> [DATASET EXCERPT]
------------------------
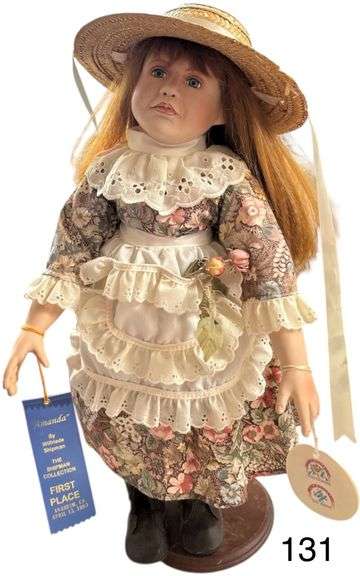AMANDA BISQUE DOLL ARTIST FREIDA (WILFRED) SHIPMAN RED HAIR FRECKLES 1993 - SIGNED AND NUMBERED 385/1500 - PORCELAIN ON WOODEN STAND, APP. 24 INCHES, WITH ORIGINAL TAG PLUS BLUE RIBBON WITH ALL HER INFO image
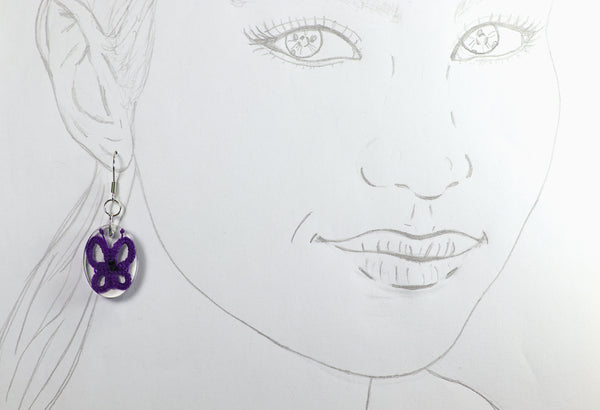 OVAL BUTTERFLY EARRINGS IN DIFFERENT COLORS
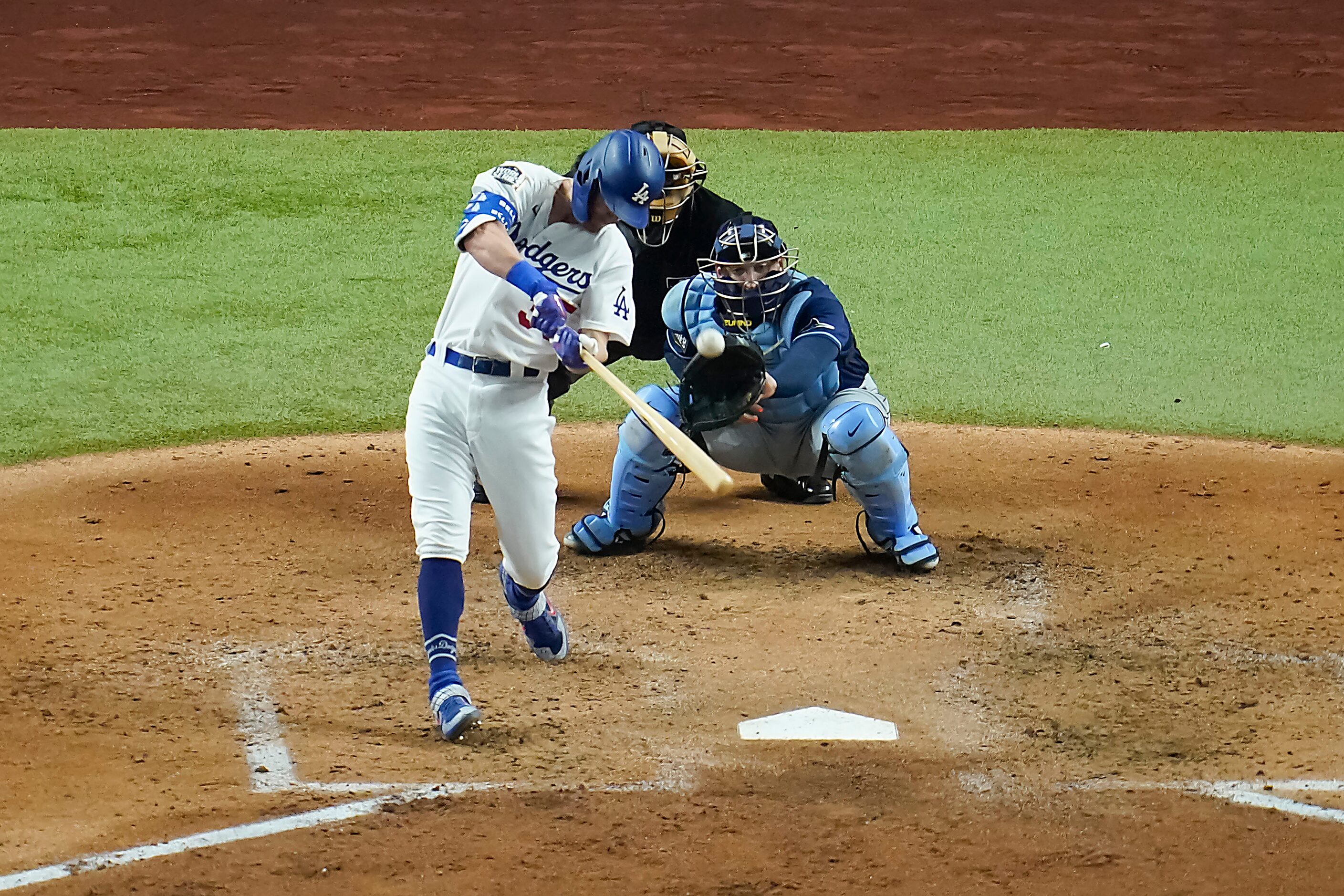 Los Angeles Dodgers center fielder Cody Bellinger hits a 2-run home run as Tampa Bay Rays...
------------------------
> [WHAT YOU ARE ASKED TO DO] Word for word, write out the full listing, leaving the pictures aside.

> [RESULT BELOW]
AMANDA BISQUE DOLL ARTIST FREIDA (WILFRED) SHIPMAN RED HAIR FRECKLES 1993 - SIGNED AND NUMBERED 385/1500 - PORCELAIN ON WOODEN STAND, APP. 24 INCHES, WITH ORIGINAL TAG PLUS BLUE RIBBON WITH ALL HER INFO image
 OVAL BUTTERFLY EARRINGS IN DIFFERENT COLORS
 Los Angeles Dodgers center fielder Cody Bellinger hits a 2-run home run as Tampa Bay Rays...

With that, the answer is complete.